The trouble with Northern Ireland: part 2

Submitted by Janine on 14 May, 2005 - 11:36

Read part 1 here.

REFORM THE SIX COUNTIES?

The entity designed for majority-Protestant self-rule was to have a new political mechanism transplanted into it.

A statelet designed to let Protestants rule was to be reformed in such a way as to abolish majority rule, and in its place put institutional power-sharing — guaranteed by law — between Catholic and Protestant parties.

But in the 33 years since, majority, Protestant, Home Rule was abolished, stable power-sharing has, again and again, proved an impossible task. The failure so far of the Good Friday Agreement is only the latest in a long list of failures.

The first attempt at power-sharing was agreed upon by Northern Irish political leaders and by London and Dublin in late 1973, at Sunningdale.

The “moderate” Protestant and Catholic politicians would share power; Britain would ensure that only power-sharing governments could rule Northern Ireland. There would be a Council of Ireland, loosely linking Dublin and Belfast.

Under British pressure for reform, the once-monolithic Ulster Unionist Party shattered into fragments. Some tried to do Britain’s bidding, others said they would die to defend Protestant majority rule. Large numbers of Protestant workers began to support Ian Paisley’s Democratic Unionist Party. Paisley was a long-time and sometimes populist critic of the Unionist-Orange establishment.

An election, in which the pre-March 1972 Northern Irish Prime Minister, Brian Faulkner, seemed to promise not to share power with Catholics, produced a power-sharing majority in a New Belfast Assembly.

A government was duly set up, with Faulkner as Prime Minister and SDLP leader Gerry Fitt as his deputy. This government would last five months.

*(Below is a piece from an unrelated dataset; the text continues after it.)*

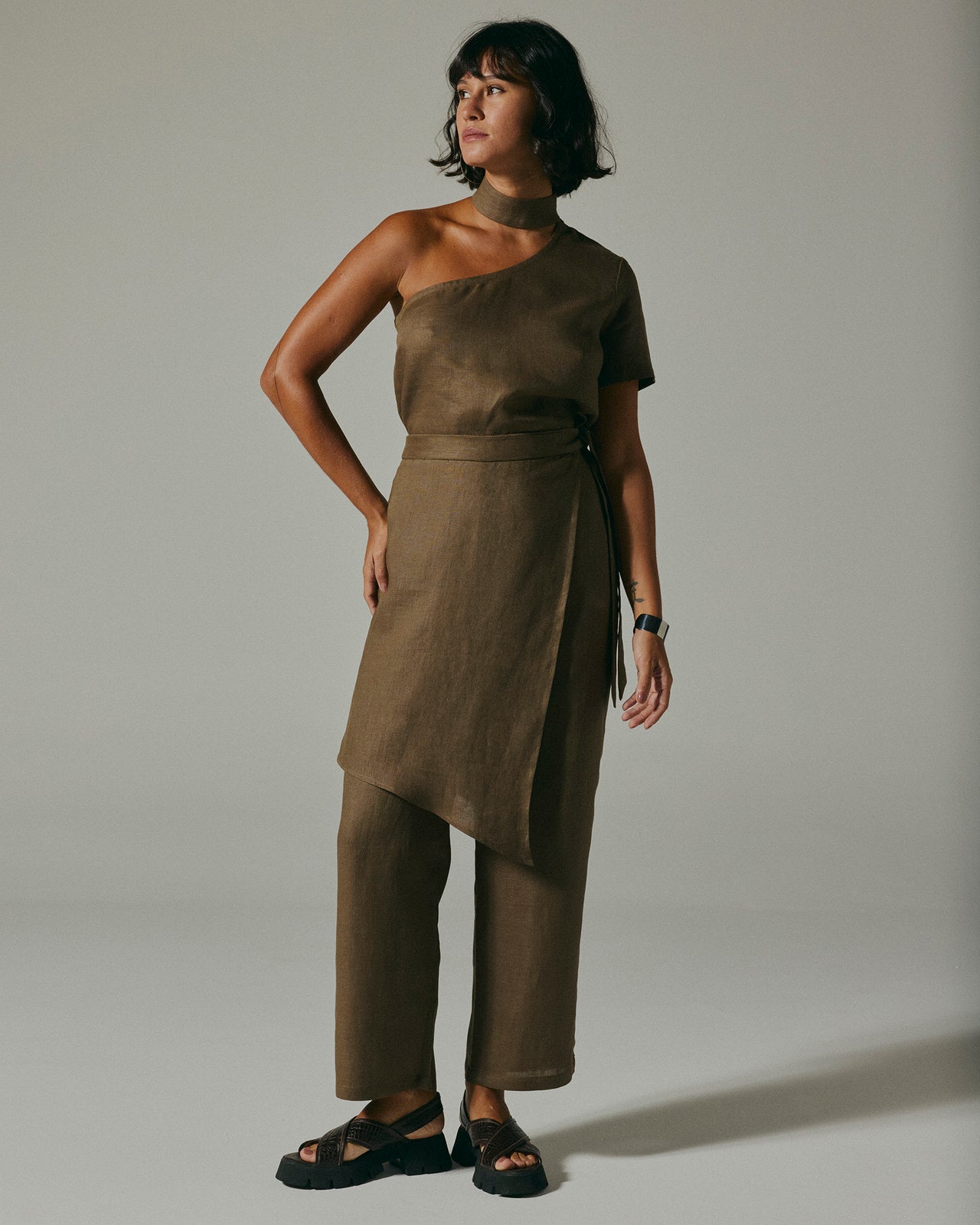 Calça Lua Linho Verde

Though a majority of Protestant Assembly members were Faulknerites and in favour of power-sharing, their electors considered them tricksters and turncoat traitors. In February 1974 the British General Election allowed outraged Protestants to express their feelings: of the then 12 Northern Irish seats at Westminster, 11 were won by opponents of power-sharing (the exception was the MP for West Belfast, Gerry Fitt).

The moral position of the Faulknerites was fatally undermined. An attempt to activate the clause in the Sunningdale Agreement stipulating that a Council of Ireland would be set up triggered an Orange General Strike. UDA coercion played an important part in getting it going, but then it gained its own momentum.

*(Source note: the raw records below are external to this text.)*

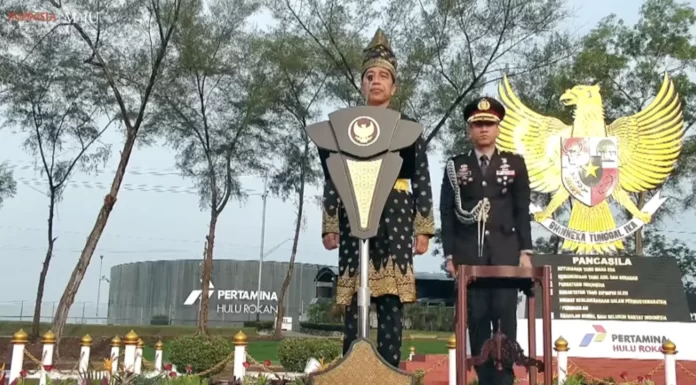 Presiden Jokowi Menjadi Inpektur Upacara Hari Lahirnya PANCASILA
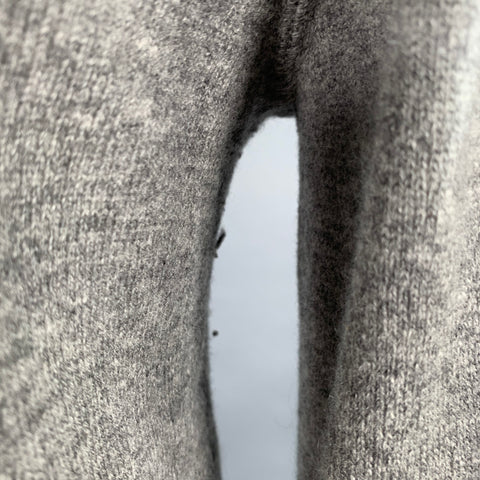 HARTFORD Size L Grey Heather Wool Cashmere Hoodie Cardigan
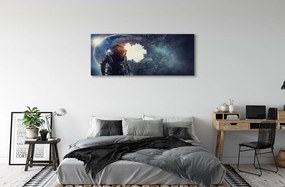 Zdjęcie na płótnie Postać w Świecie Mechanizmów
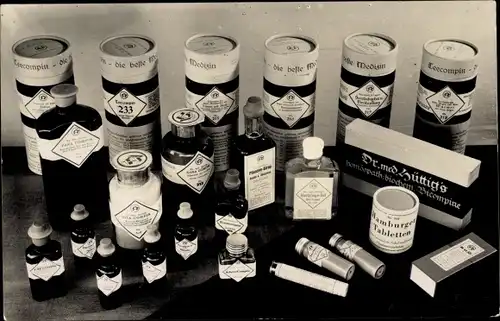 Foto Ak Reklame, Dr. med. Hüttig's Bicompine, Medizin, Tabletten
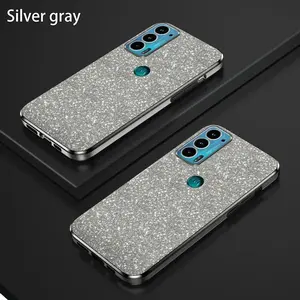 Funda de lujo con revestimiento de purpurina degradada para Motorola <span class=keywords><strong>Moto</strong></span> Edge 20 30 G9 G8 Power Play Plus funda trasera de silicona para mujer <span class=keywords><strong>G9play</strong></span> Edge20 - Product Image 2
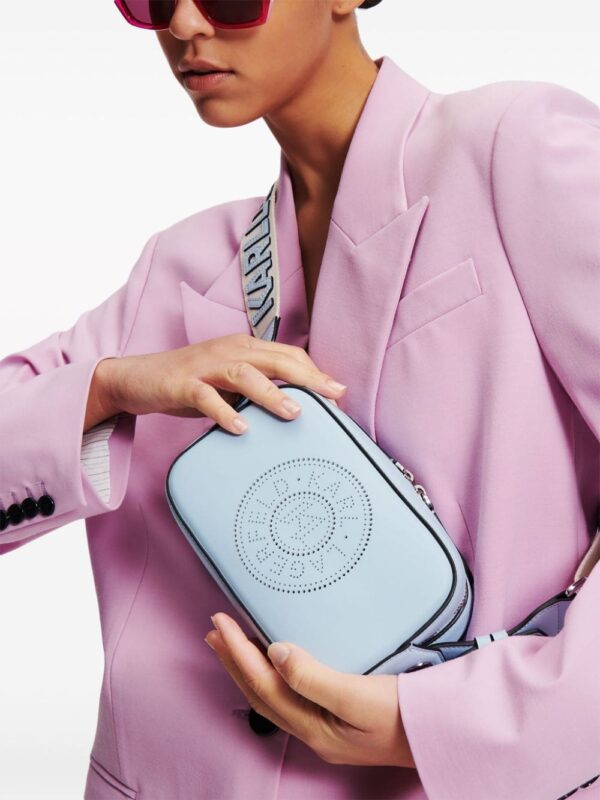 Karl Lagerfeld K/Circle perforated-logo crossbody bag - Image 2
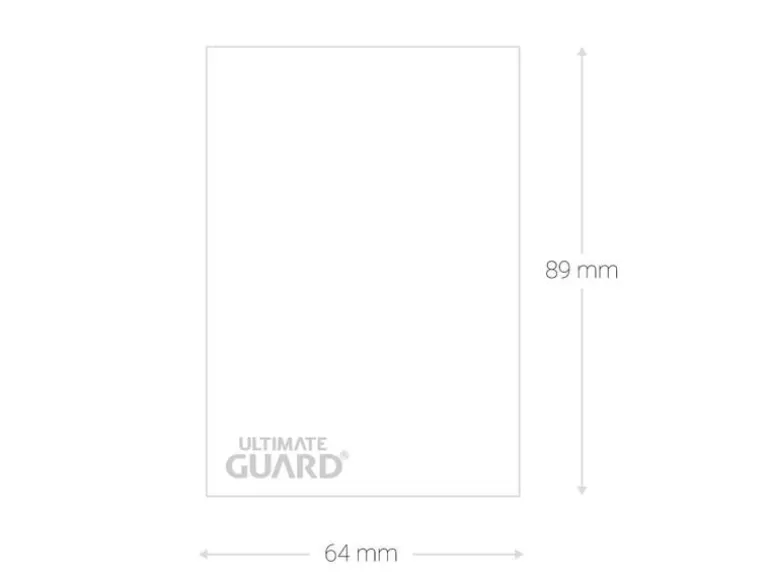 Ultimate Guard Kartenhülle Precise-Fit Sleeves Transparent Standard 100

After nine days the government resigned. Power-sharing was dead.

Britain now decided to set up an elected Constitutional Assembly. The people of Northern Ireland were asked to choose representatives who would thrash out a constitution acceptable to both Protestants and Catholics.

The Faulkner Unionists were wiped out in the election. The Constitutional Assembly dragged on for a year — with the IRA on ceasefire for most of it — but agreement was not possible. The Orange politicians would not have powersharing and a Council of Ireland — not even voluntary as distinct from statutory powersharing. When the former Northern Ireland Home Secretary, William Craig, leader of a strong quasi-fascist movement, Vanguard, proposed voluntary power-sharing, his standing as a prominent Orange Unionist leader was destroyed.

Britain finally shut down the Constitutional Assembly. The next sustained attempt to set up power-sharing government would not come until the Good Friday Agreement 22 years later.

THE ARMALITE AND THE BALLOT

The Provisional IRA resumed its war. The British Labour government began to take back the de facto status as political prisoners which jailed IRA members had won in the early 70s. Refusing to wear prison uniform, IRA prisoners spent years naked except for blankets.

In 1981, 10 of them starved themselves to death seeking political prisoner status.

The tremendous Catholic support for the prisoners which the hunger strike generated led Sinn Fein to stand one of the hunger-strikers, Bobby Sands, for a Parliamentary seat in a by-election, which he won. The hunger striker, who went on fasting, died a member of the British Parliament.

From that experience grew the IRA-Sinn Fein policy of combining politics with war — the Armalite rifle in one hand and the ballot in the other, as they expressed it.

In November 1985 an Anglo-Irish Agreement was signed which gave Dublin a direct political say, though not Executive power, in the running of Northern Ireland. A sharp Protestant backlash failed to remove it.

During the long war, the IRA evolved politically. They became mildly left-wing. Slowly they moved away from some of the dogmas of physical-force-on-principle Republicanism.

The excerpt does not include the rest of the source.